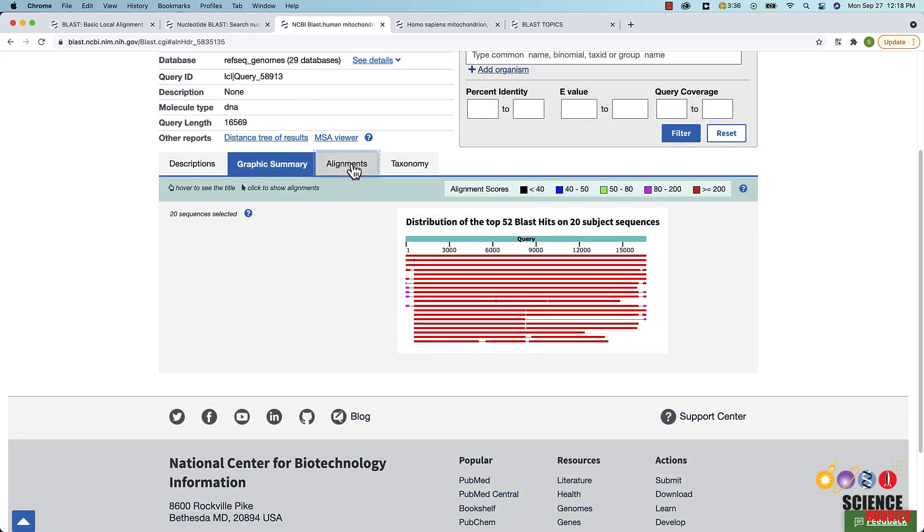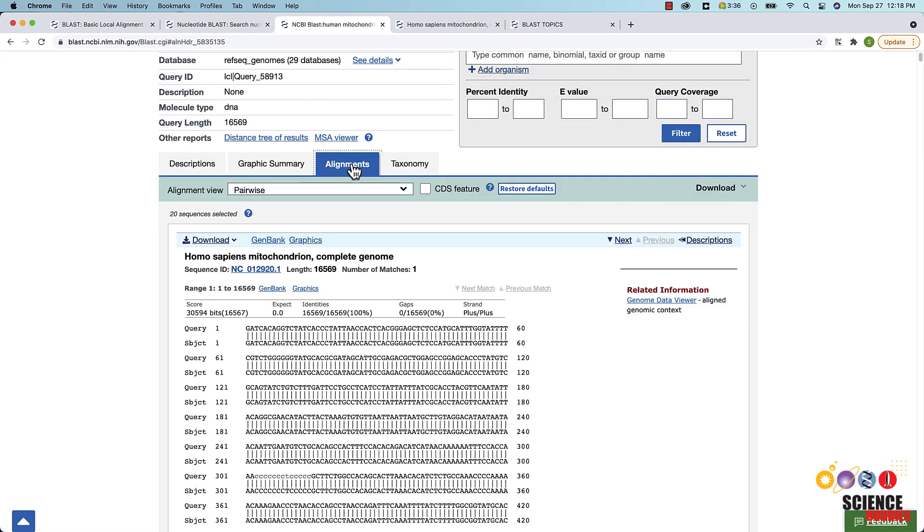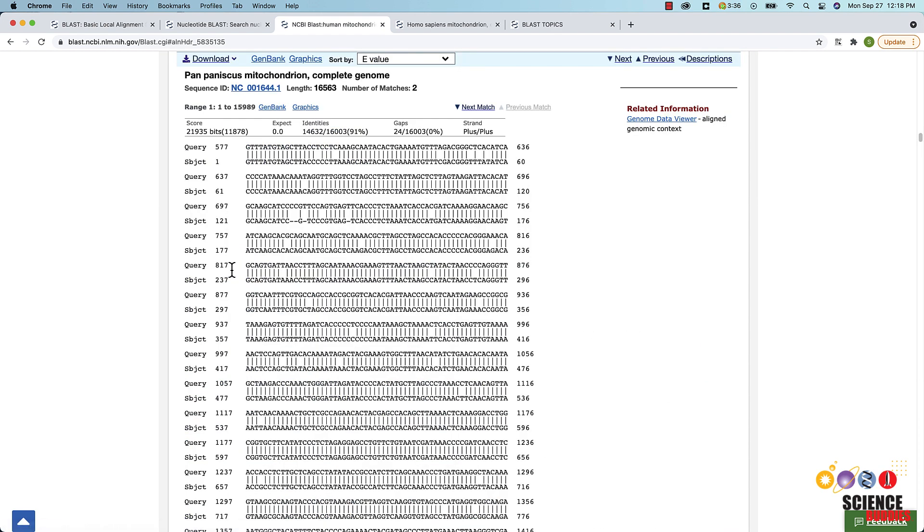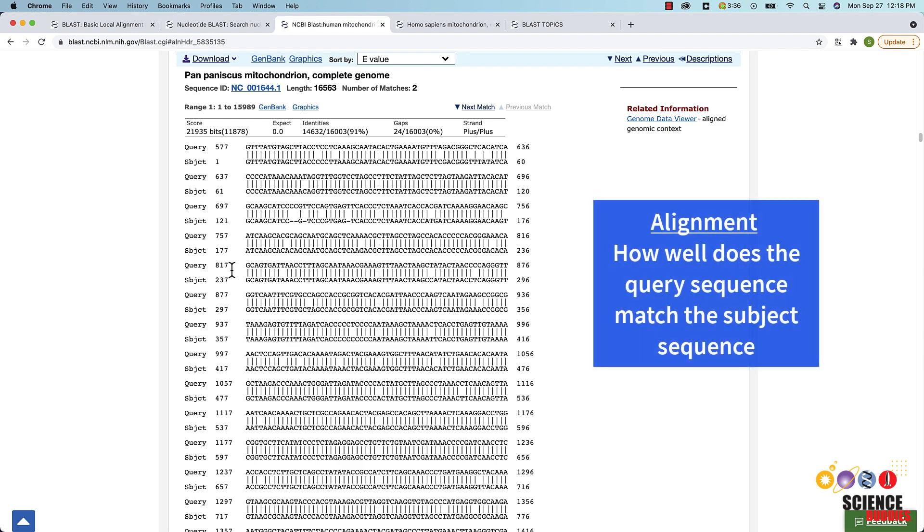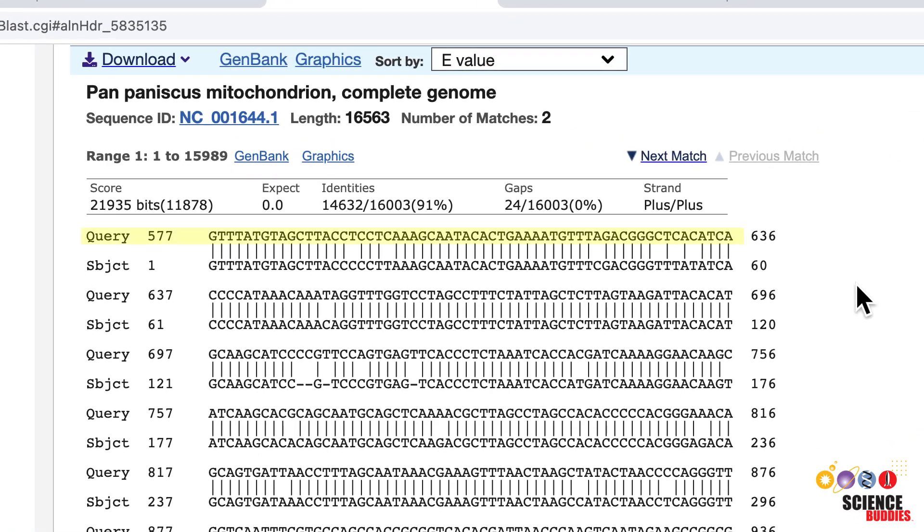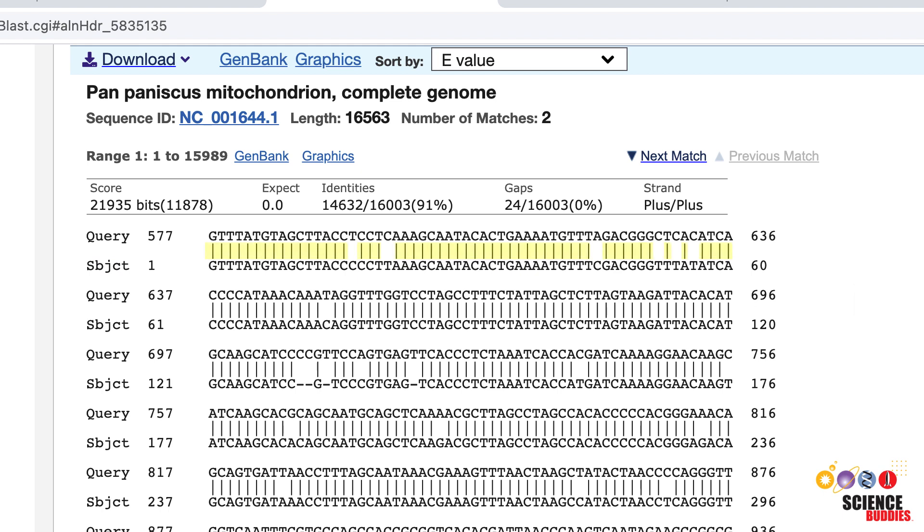In the alignment tab, you can view detailed information about the alignments between the BLAST hits in the description tab and your query sequence. You can view the alignment for a specific sequence by clicking on the sequence title in the description tab. The alignment shows how well the query sequence matches the subject sequence. The top row of letters corresponds to the BLAST query sequence. The bottom row of letters corresponds to the matched subject sequence in the database.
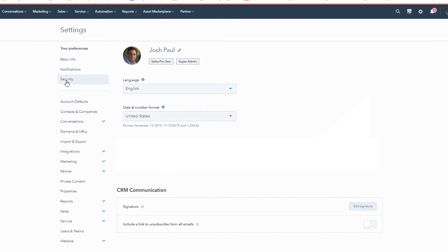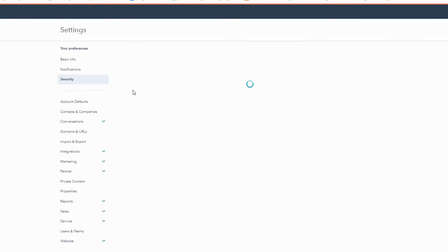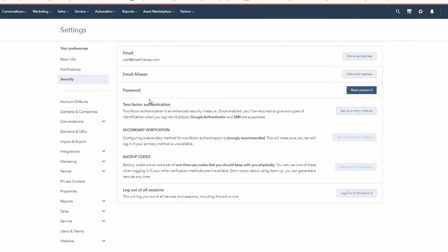From there, you're going to go to the security tab. By the time you watch this, it may be the second, third, fourth, or fifth option — HubSpot's always changing their navigation — but you're going to look for the security tab.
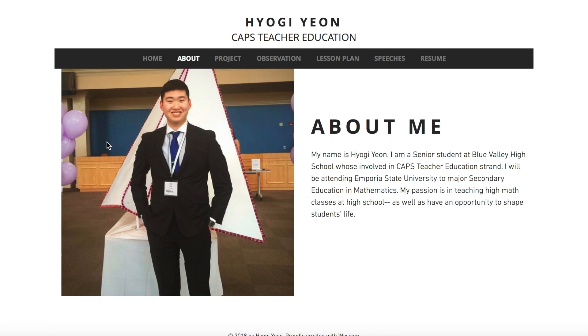The About Me page talks about the school that I'm currently going to, the school that I'll be attending next year, and my major.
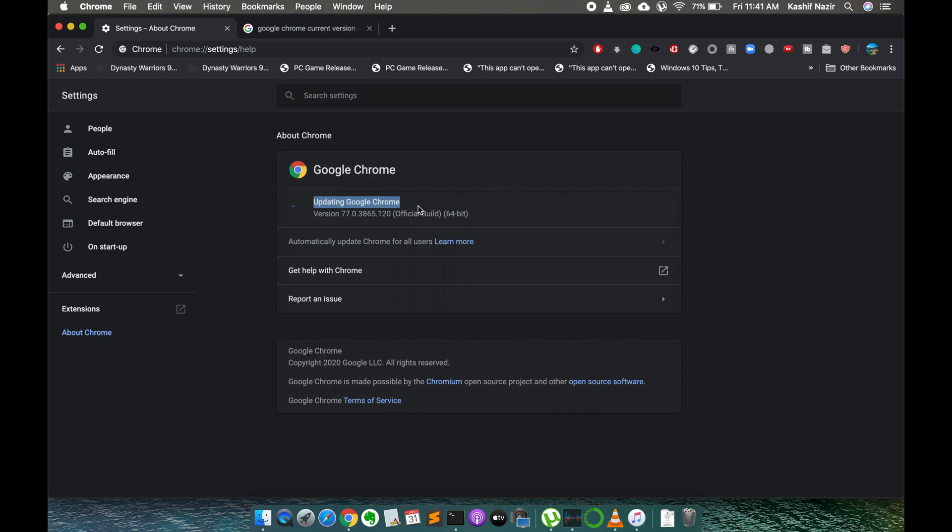Simply wait for this process to complete. It is an automatic process and once the process is complete it will ask you to restart your Google Chrome browser. Just go and simply restart your browser and the Google Chrome browser will be updated on Mac OS.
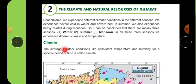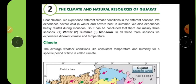The average weather condition — like consistent temperature and humidity for a specific period of time — is called climate. The temperature and humidity should be consistent for a specific period of time. If only a few days show a particular condition, we call it weather, not climate. For it to be called climate, the conditions must persist over a longer, specific period.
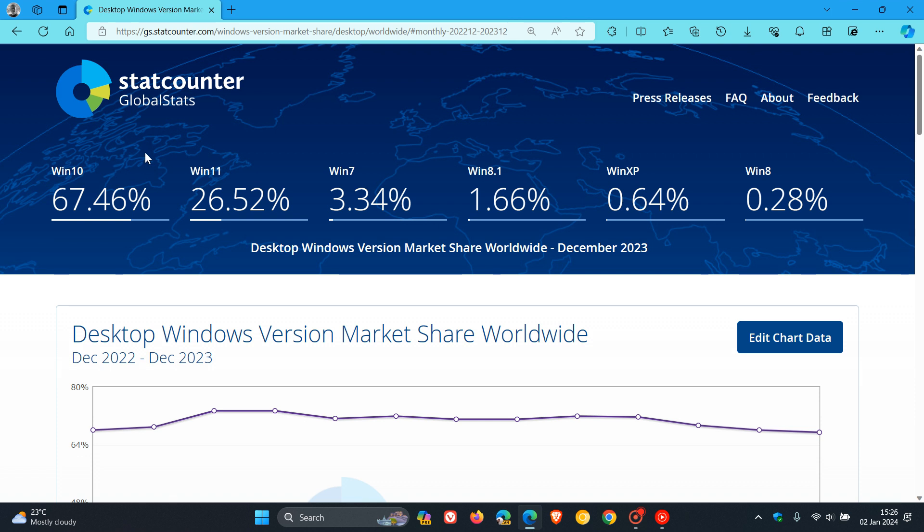Windows 10 has decreased slightly from 68% to 67.46%, but it's still very dominant at nearly 70%. I think the slight decrease is because Windows 11 has had a couple of moment and feature updates recently, which has pushed some users over to Windows 11 whose systems do support it.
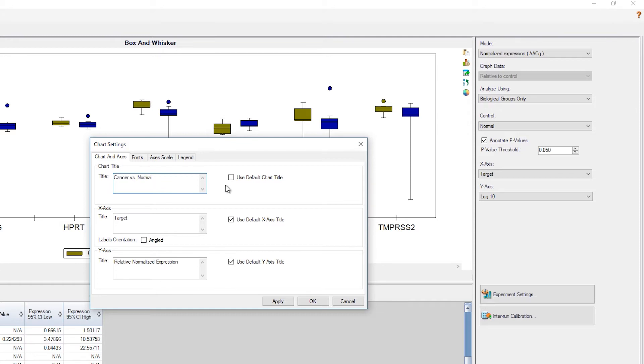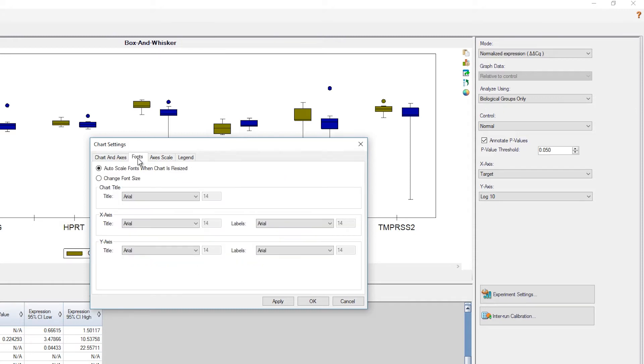Our axis are pre-labeled with default titles. Let's keep these. But a different font would be ideal, so we'll click on the fonts tab and then choose Times New Roman and increase the title font size.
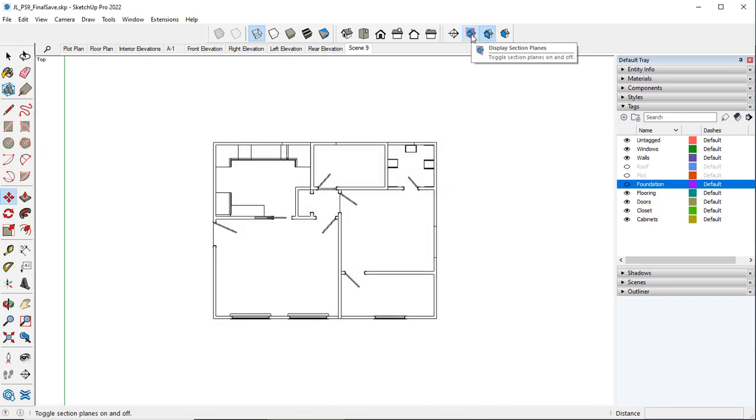Toggle off this one. This turns off the display of the section plane. So it's still there but we just can't see the actual plane.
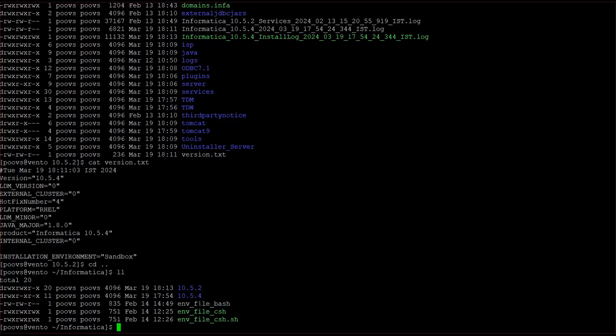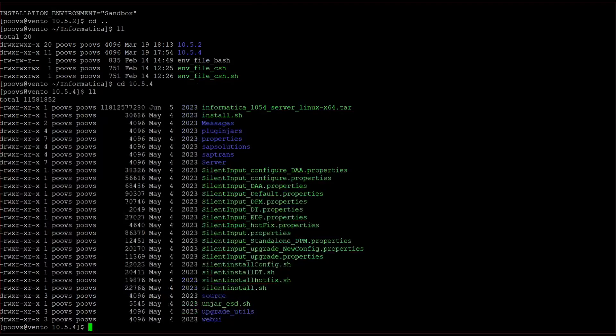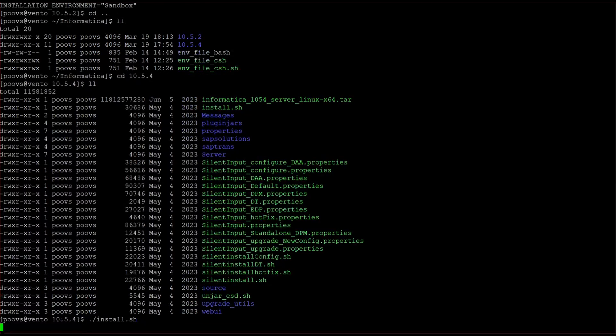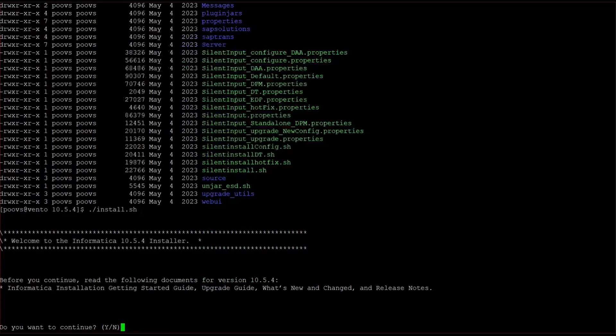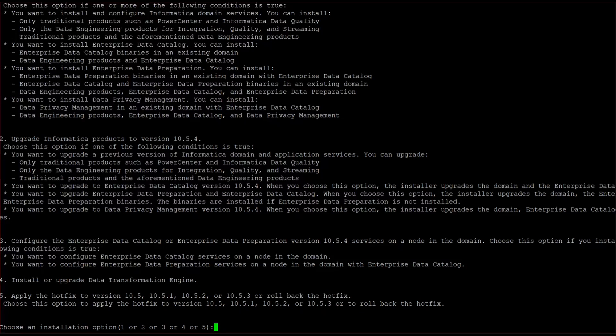Again we have to run the same install.sh file. Yes, choose five.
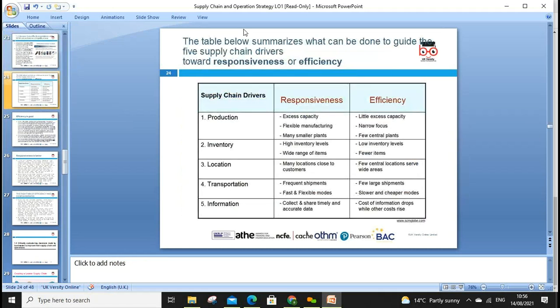Thinking about responsiveness versus efficiency in production: responsiveness means excess capacity, flexible manufacturing, many smaller plants; efficiency means little excess capacity, narrow focus, few central plants. For inventory: responsive means high inventory levels; efficient means low inventory levels. Dell Computer moved to a direct business model — setting up factories in India, taking orders in advance and delivering in 21 days — showing how the model can adapt for responsiveness and efficiency across location, transportation, and information.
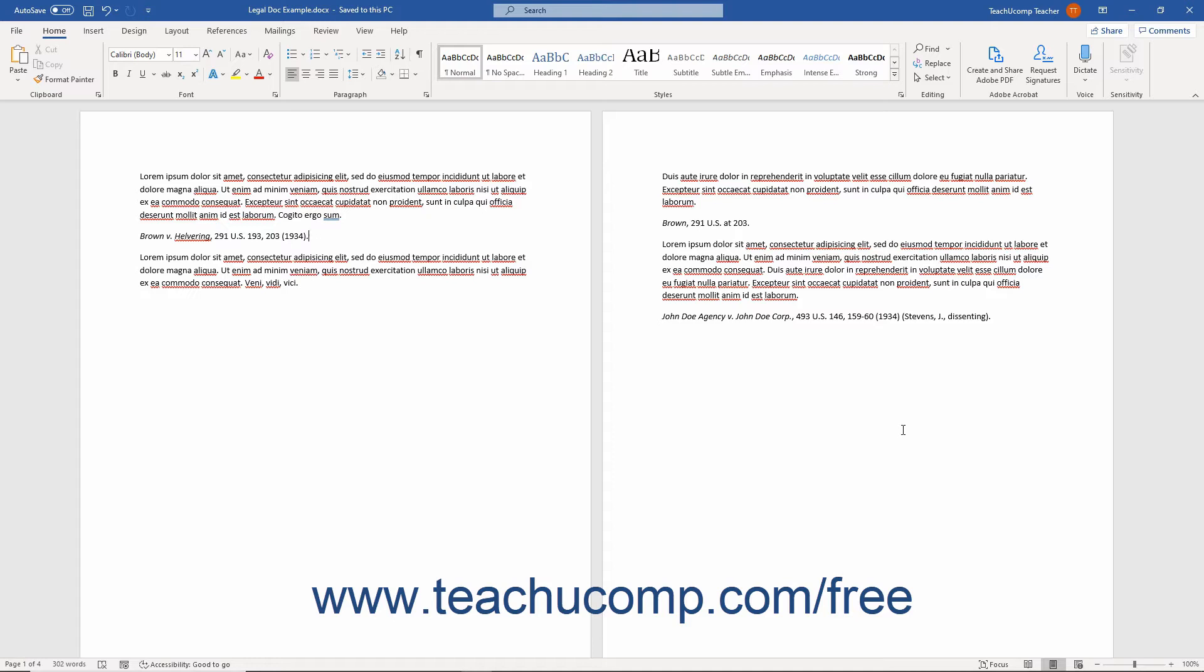When you mark a legal citation, Word inserts a hidden TA or Table of Authorities entry field in your document next to the cited text. You can then search for the next long or short citation in the document to mark, or you can automatically mark each of the following occurrences of the citation in the document.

▶ **Your instructions**: Print exactly, with no pictures, the lines above from the one that holds "Simply wait for" through the one that holds "Windows 10 has", both of them included.

▶ **Output**:
Simply wait for this process to complete. It is an automatic process and once the process is complete it will ask you to restart your Google Chrome browser. Just go and simply restart your browser and the Google Chrome browser will be updated on Mac OS.
The average weather condition — like consistent temperature and humidity for a specific period of time — is called climate. The temperature and humidity should be consistent for a specific period of time. If only a few days show a particular condition, we call it weather, not climate. For it to be called climate, the conditions must persist over a longer, specific period.
Windows 10 has decreased slightly from 68% to 67.46%, but it's still very dominant at nearly 70%. I think the slight decrease is because Windows 11 has had a couple of moment and feature updates recently, which has pushed some users over to Windows 11 whose systems do support it.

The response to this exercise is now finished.